Integrasi agama dan adaq budaya sangat penting dan harus tetap diupayakan. Karena jika itu terbengkalai dan tidak diperhatikan akan fatal akibatnya. Akan sangat mungkin jadi pemicu desintegrasi bangsa, atau dimamfaatkan oleh pihak asing untuk memancing di air keruh demi kepentingan dan libido imperialistiknya. Korupsi, criminal, atau jalan buntu politik paling hanya bisa menjatuhkan seorang presiden, penguasa, atau pemerintahan, tapi masalah-masalah SARA, bisa melenyapkan eksistensi sebuah Negara.

Bangladesh, adalah negara yang lahir dari kemelut dan pertentangan adaq budaya dan bahasa, di mana Pakistan Barat yang sekarang berbahasa Urdu, sedang Pakistan Timur yang sekarang bernama Bangladesh, berbahasa Bengali, walau sama-sama penganut Islam dengan Pakistan. Irlandia, yang Katolik, sampai sekarang selalu mau melepaskan diri dari Inggeris yang Protestan walau mereka sama-sama berbudaya Anglo-Saxon.
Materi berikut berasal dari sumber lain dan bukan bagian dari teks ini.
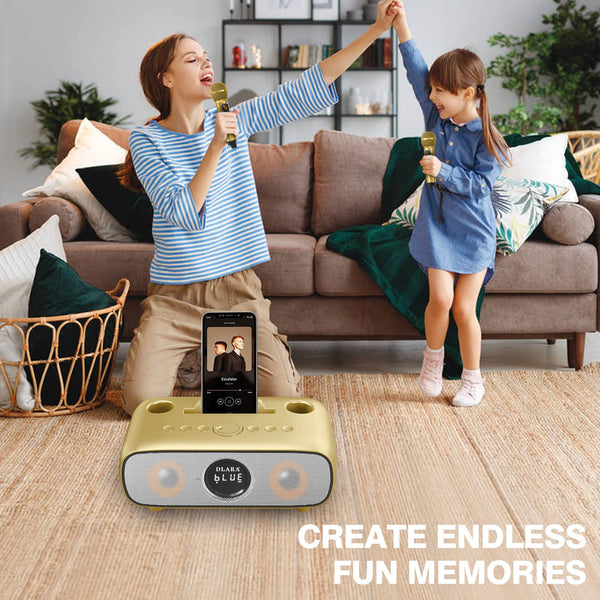 Upgrade Karaoke Machine for Adults and Kids,Portable Bluetooth 2 UHF Wireless Karaoke Microphone with Holder/USB/TF Card/AUX-in,PA Speaker System for Home Party, Picnic,Car,Outdoor/Indoor-Grey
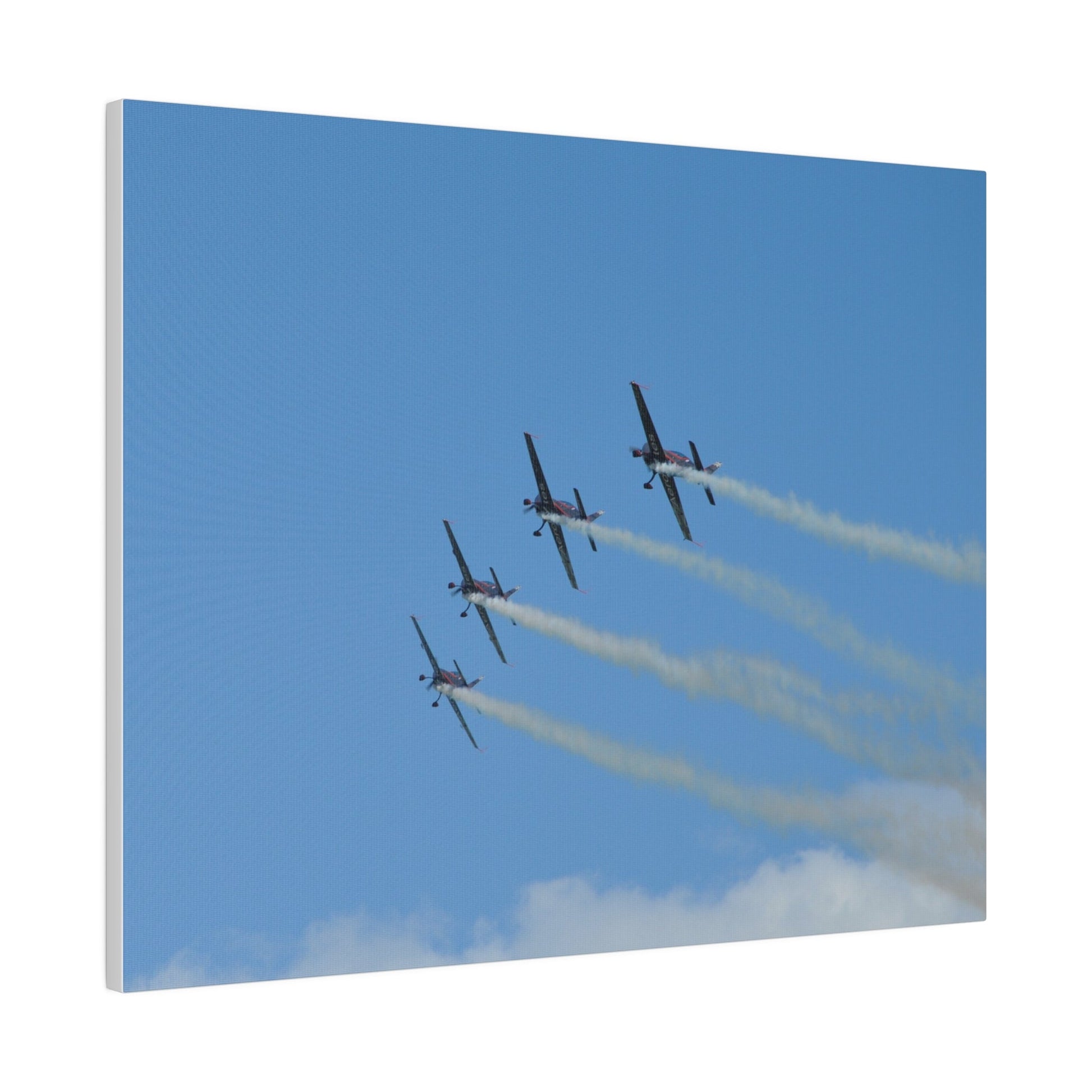 Four Blades Flying From The Right With Smoke In Formation, Matte Canvas, Stretched, 0.75" - The Trio Synergize Group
Jadi jika di Sulbar, muncul beda persepsi tentang masalah-masalah adaq, budaya dn bahasa, hendaknya segera kita kembalikan lagi segera kepada Allah. Dan menyadari bahwa, sekalipun ada beda atau tidak antara orang Mandar, Mamuju atau Mamasa dalam masalah-masalah mendasar dan penting itu, hendaknya tetap disadari bahwa kita tetaplah sesama penganut Agama yang sama, Islam. Atau bagaimana meredam setiap pertentangan agama dengan pendekatan budaya.